The point of an AGI moratorium is not to avoid building AGI indefinitely, it’s to avoid building AGI while we don’t know what we are doing, which we currently don’t. This issue will get better after some decades of not risking AI doom, even if it doesn’t get better all the way to certainty of success.
The point of thought experiments is to secure understanding of how they work, and what their details mean. The question of whether they can occur in reality shouldn’t distract from that goal.
The whole premise of an AI having goals, or of humans having goals, is conceptually confusing. Succeeding in ensuring alignment is the kind of problem humans don’t know how to even specify clearly as an aspiration. So an oversight AI that’s not existentially dangerous won’t be able to do a good job either.
There is a question of what paperclip maximizers are, and separately a question of how they might come to be, whether they are real in some possible future. Unicorns have exactly one horn, not three horns and not zero. Paperclip maximizers maximize paperclips, not stamps and not human values. It’s the definition of what they are. The question of whether it’s possile to end up with something like paperclip maximizers in reality is separate from that and shouldn’t be mixed up.
So paperclip maximizers would actually make paperclips even if they understand human goals. The picking of goals isn’t done by the agent itself, for without goals the agent is not yet its full self. It’s something that happens as part of what brings an agent into existence in the first place, already in motion.
Also, it seems clear how to intentionally construct a paperclip maximizer: you search for actions whose expected futures have more paperclips, then perform those actions. So a paperclip maximizer is at least not logically incoherent.

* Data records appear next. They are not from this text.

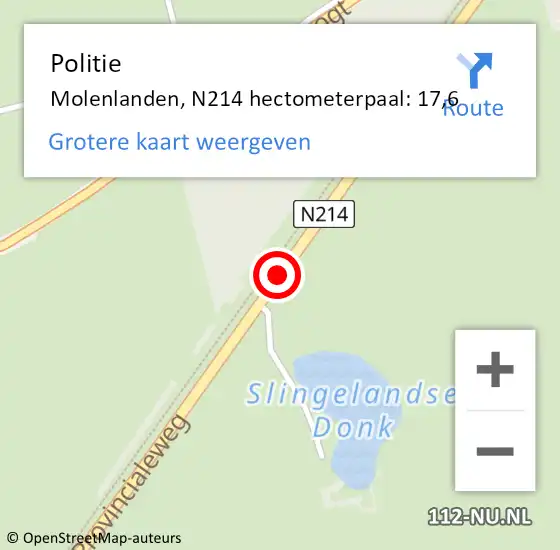 Locatie op kaart van de 112 melding: Politie Molenlanden, N214 hectometerpaal: 17,6 op 17 februari 2024 13:49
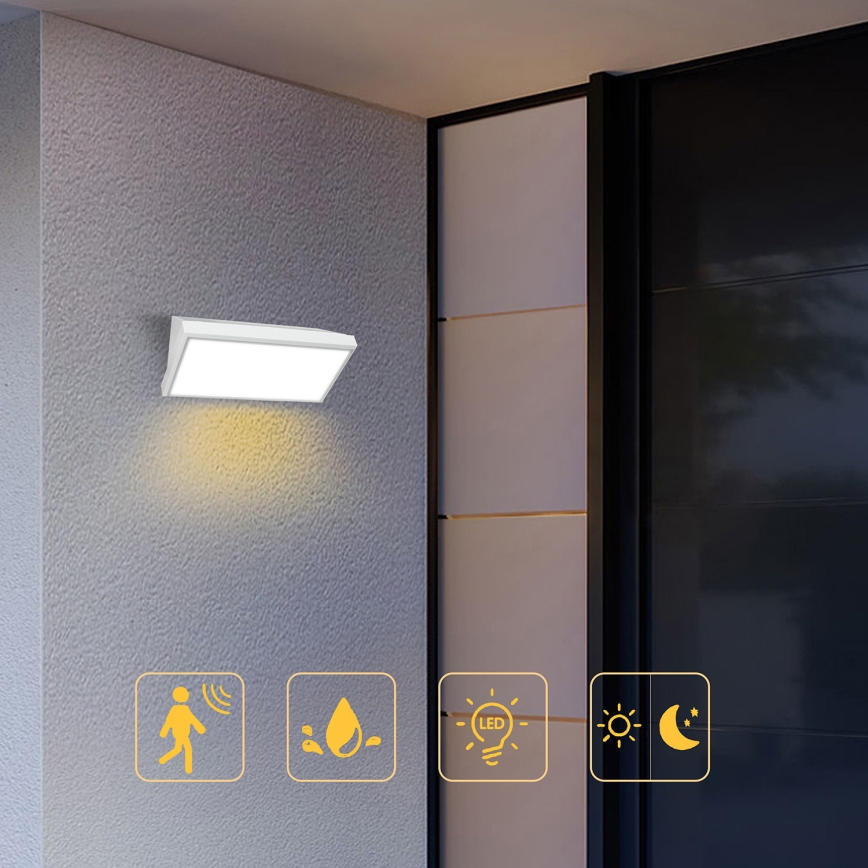 Brilagi - Applique murale LED d'extérieur avec détecteur TRIANGLE LED/20W/230V blanche IP65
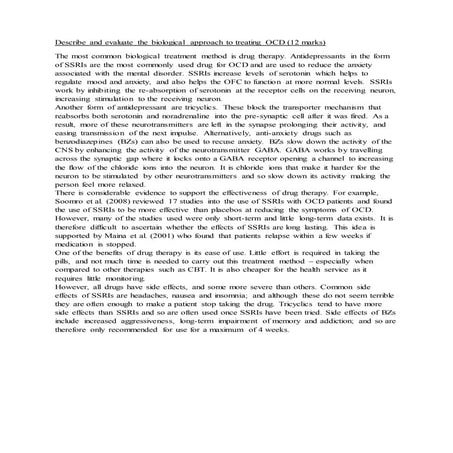 Describe and evaluate the biological approach to treating ocd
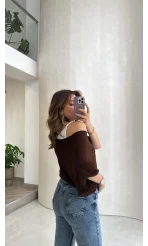 Bestie İçi Askılı Triko - Kahverengi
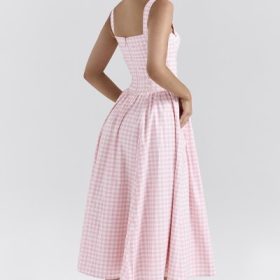Vivien Strawberry Shortcake Gingham Midi Sundress - Image 10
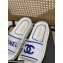 Chanel Logo Woven Slides Mules White/Blue 2022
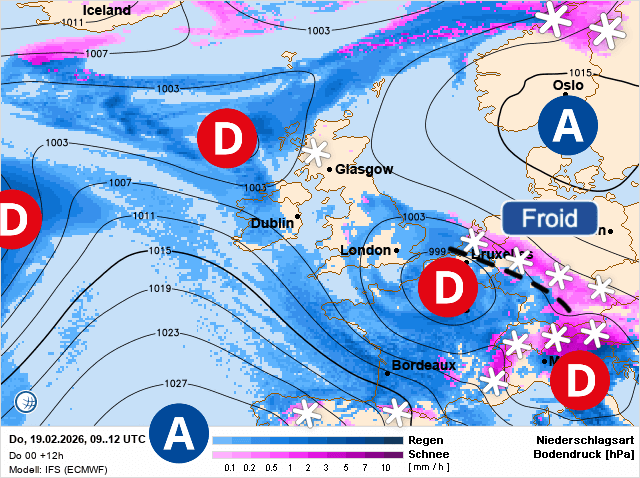 Carte de prévisions d'europe du Jeudi 19 février 2026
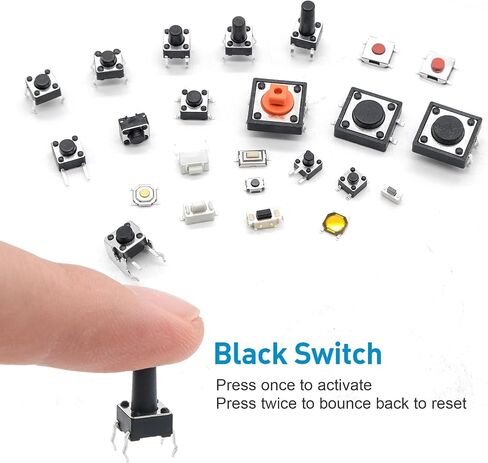 QTEATAK 300 Pcs 15 Value Micro Momentary Tactile Push Button Switch Tact Assortment Kit in Saudi Arabia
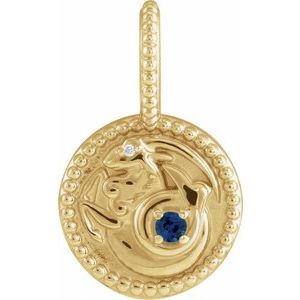14K Yellow Gold Natural Blue Sapphire & .0025 CTW Diamond Capricorn Charm/Pendant. 88215:137:P
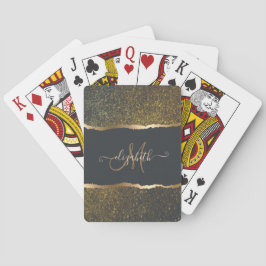 Modernes, elegantes Monogramm der Gold-Touch Spielkarten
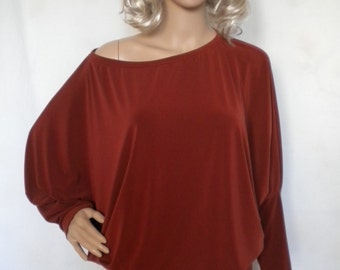 off shoulder batwing top, loose fitting shirt, long sleeve blouse, oversized sweater made to order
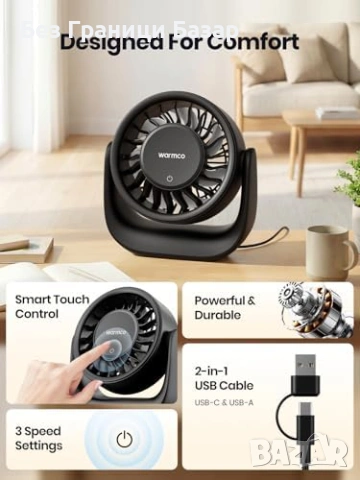 Нов Компактен бюро вентилатор USB-C USB-A 3 скорости силен поток лято, снимка 5 - Други стоки за дома - 53696352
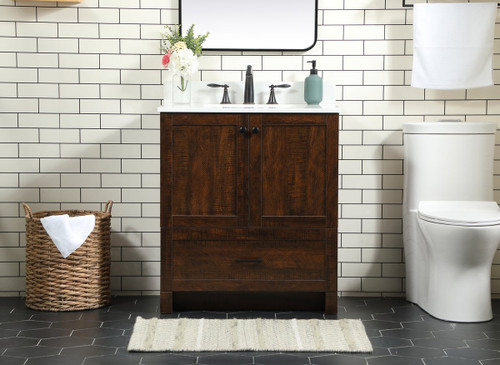 Elegant Decor VF2830EX-BS 30 inch single bathroom vanity in expresso with backsplash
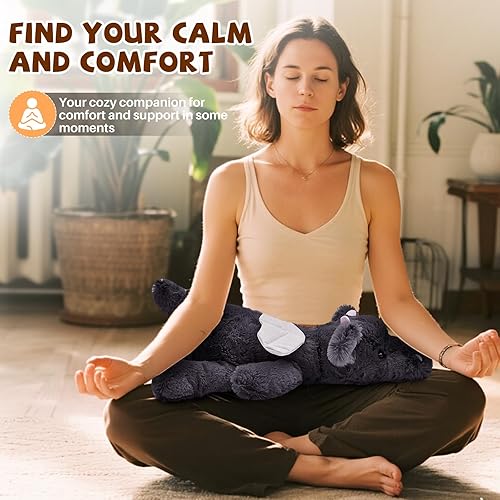 Miniatura 8 de Animal de peluche de dragón de 2.2 libras, suave peluche de dragón negro, peluche gigante de dragón con peso, almohada de cuerpo tapado de dragón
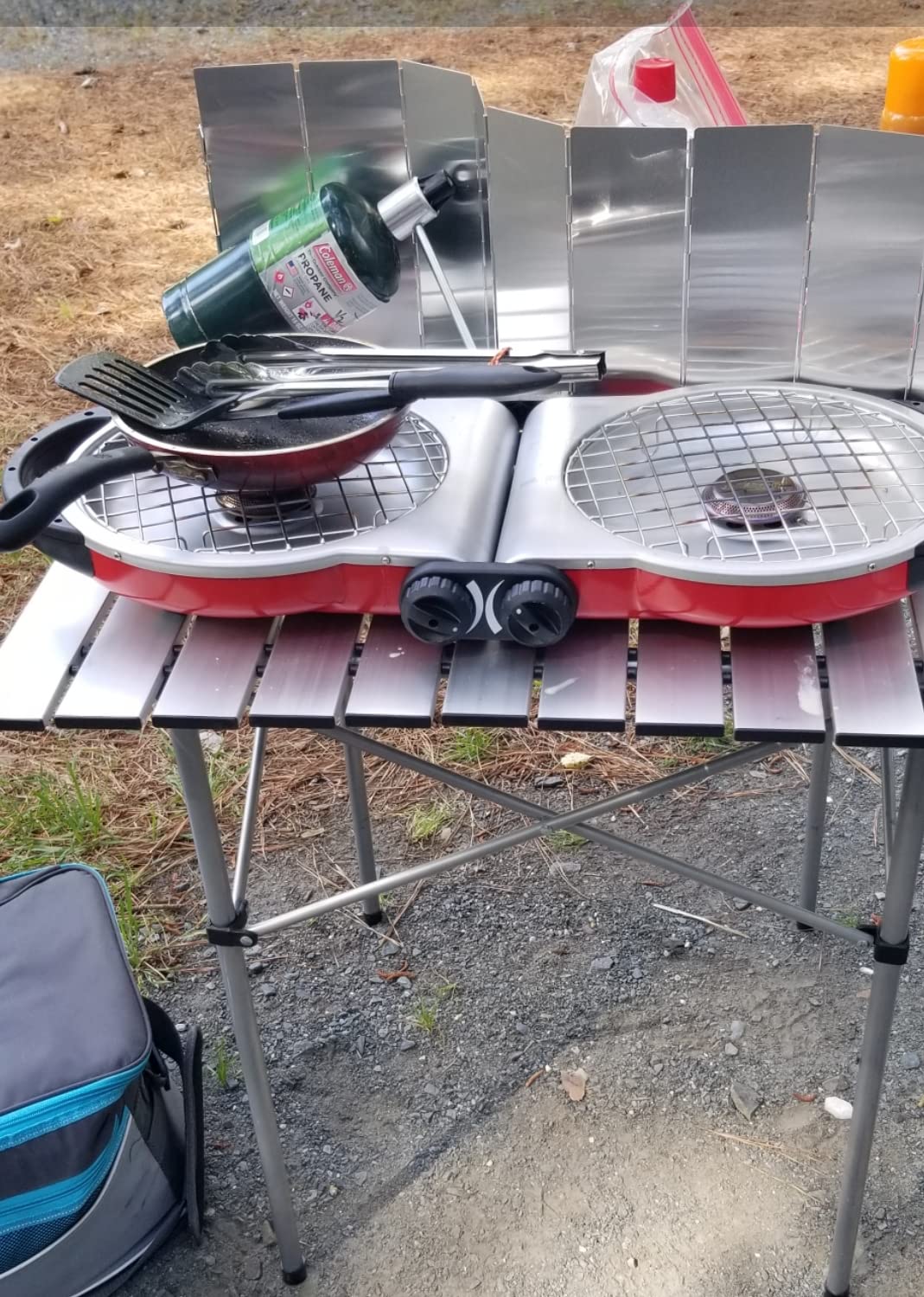 REDCAMP Folding Outdoor Stove Windscreen, 10 Plates Aluminum Camping Stove Windshield with Carrying bag, Lightweight Butane Burner Windshield customer photo 1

It’s not literally the thing that’s a likely problem humanity might encounter. It’s an illustration of the orthogonality thesis, of possibility of agents with possibly less egregiously differing goals, that keep to their goals despite understanding human goals correctly. It’s a thought experiment counterexample to arguments that pursuit of silly goals that miss nuance of human values requires stupidity.
The grouping of understanding and defending makes the meaning unclear. The whole topic of discussion is whether these occur independently, whether an agent can understand-and-not-defend. I’m myself an example: I understand paperclip maximization goals, and yet I don’t defend them.
My claim is that most on LW expect strong AIs to fairly understand their own goal and the goals of both the developers and any previous (and upcoming) versions, and also have a non-insignificant chance, on current trajectory of AI progress, to simultaneously defend/hide/pursue their own goal, while not defending the goals of the developers.
What do you think orthogonality thesis is? (Also, we shouldn’t be bothered by defeating or not defeating orthogonality thesis per se. Let the conclusion of an argument fall where it may, as long as local validity of its steps is ensured.)
I think that’s the deformation of a fundamental theorem (« there exists an universal Turing machine, e.g. it can run any program ») into a practical belief (« an intelligence can pick its value at random »), with a motte and bailey game on the meaning of can where the motte is the fundamental theorem and the bailey is the orthogonal thesis.
(thanks for the link to your own take, e.g. you think it’s the bailey that is the deformation)
It’s part of the appeal, isn’t it?
I don’t get the logic here. Typo?
That’s a fair point, but the intractability of a problem usually goes with the tractability of a slightly relaxed problem. In other words, it can be both fundamentally impossible to please everyone and fundamentally easy to control paperclips maximizers.
Well said.
You think all significant risks are known?
Indeed the inconsistency appears only with superintelligent paperclip maximizers. I can be petty with my wife. I don’t expect a much better me would.